In questi nostri tempi in cui l’arte sembra impossibile e la fiducia, l’esercizio stesso del pensiero un segno di arretratezza culturale – a costo di farci dare degli ingenui, degli antiquati, dei velleitari – vogliamo difendere e rivendicare quell’idea suicida («disperata, inutile», direbbe Pasolini) che hanno alcuni aspiranti scrittori, intellettuali o intellettuali-scrittori del nostro tempo… e diciamo «aspiranti», perché non c’è niente di più marginale e ininfluente, oggi, di tipi così che perseverano nell’idea suicida, appunto, che le parole siano l’unico bene che gente come noi può ritenere di aver conquistato, e dirlo con l’orgoglio con cui si conquista un amore difficile o si imparano a conoscere pezzetti di terre straniere (reali o immaginarie, poco importa), e dirlo con la consapevolezza di aver imboccato un solco segnato da altri migliori di noi, e dirlo assumendosi tutta la responsabilità di un noi, che è un io condiviso, anche se disseminato, disperso, marginale, indesiderabile nella sua prosaicità, e oltremodo ininfluente.

10 COMMENTS

  1. pescatori-intellettuali, fabbri-intellettuali, architetti-intellettuali, fisici-intellettuali, artisti visivi che sono anche intellettuali, conosco medici-intellettuali, economisti-intellettuali, filosofi-intellettuali, conosco un palazzinaro-intellettuale, coatti-intellettuali, conosco un ristoratore-intellettuale: gente che riflette, vive, produce cose & pensiero e non la fa tanto lunga.

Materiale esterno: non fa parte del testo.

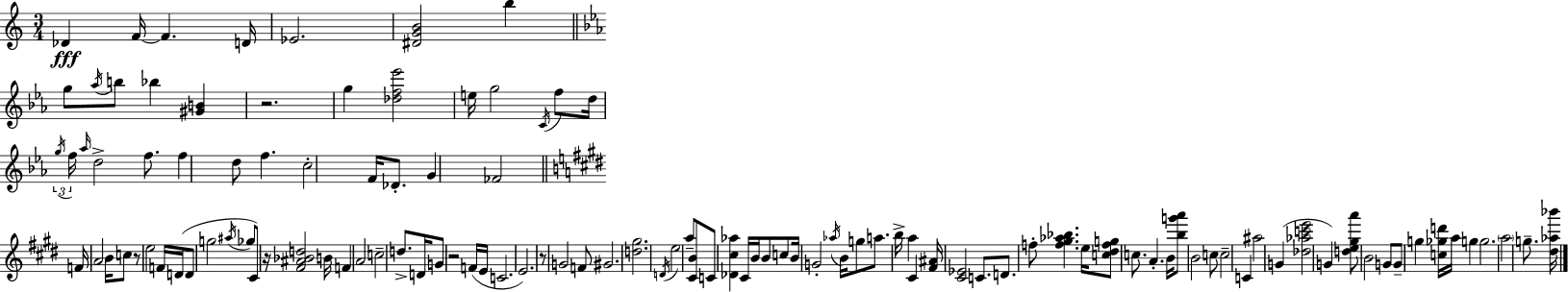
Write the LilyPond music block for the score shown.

{
  \clef treble
  \numericTimeSignature
  \time 3/4
  \key c \major
  \repeat volta 2 { des'4\fff f'16~~ f'4. d'16 | ees'2. | <dis' g' b'>2 b''4 | \bar "||" \break \key c \minor g''8 \acciaccatura { aes''16 } b''8 bes''4 <gis' b'>4 | r2. | g''4 <des'' f'' ees'''>2 | e''16 g''2 \acciaccatura { c'16 } f''8 | \break d''16 \tuplet 3/2 { \acciaccatura { g''16 } f''16 \grace { aes''16 } } d''2-> | f''8. f''4 d''8 f''4. | c''2-. | f'16 des'8.-. g'4 fes'2 | \break \bar "||" \break \key e \major f'16 \parenthesize a'2 b'16 c''8 | r8 e''2 f'16 d'16( | d'8 g''2 \acciaccatura { ais''16 } ges''8 | cis'8) r16 <fis' ais' bes' d''>2 | \break b'16 f'4 a'2 | c''2-- d''8.-> | d'16 g'8 r2 f'16( | e'16 c'2. | \break e'2.) | r8 g'2 f'8 | gis'2. | <d'' gis''>2. | \break \acciaccatura { d'16 } e''2 a''8-- | <cis' b'>8 c'8 <des' cis'' aes''>4 cis'16 b'16 b'8 | c''8 b'16 g'2-. \acciaccatura { aes''16 } | b'16 g''8 a''8. b''16-> a''4 cis'4 | \break <fis' ais'>16 <cis' ees'>2 | c'8. d'8. f''8-. <f'' gis'' aes'' bes''>4. | e''16 <c'' dis'' f'' g''>8 c''8. a'4.-. | b'16 <b'' g''' a'''>8 b'2 | \break c''8 c''2-- c'4 | ais''2 g'4( | <des'' aes'' c''' e'''>2 g'4) | <d'' e'' gis'' a'''>8 b'2 | \break g'8 g'8-- g''4 <c'' ges'' d'''>16 a''16 g''4 | g''2. | \parenthesize a''2 g''8.-- | <dis'' aes'' bes'''>16 } \bar "|."
}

  2. Il mio maestro e mentore, colui che mi ha illuminato la via, è un commercialista-intellettuale (classe 1936) un uomo che a sessant’anni ha voluto laurearsi in filosofia perché ne sentiva l’urgenza (l’unico commercialista che ho visto in queste condizioni).

  3. I più acuti (o comunque tra i migliori) sono i pizzaioli-intellettuali, che nessuno ha menzionato però.

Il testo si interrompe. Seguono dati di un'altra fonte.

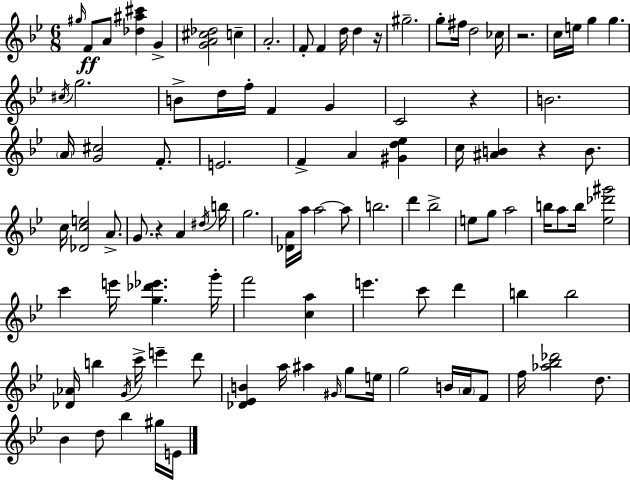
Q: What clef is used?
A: treble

  4. Condivisibile nelle intenzioni, ma per me s’indugia troppo sulle parole. Va bene la fiducia nelle parole, fiducia che anch’io ho, ma indugiando in questo modo si rischia di perdere il senso del senso. Si rischia di rendere la scrittura uno specchio, un’immagine narcisistica (a proposito di io…). Ah, poi è scappato un refuso su: funaNbolici.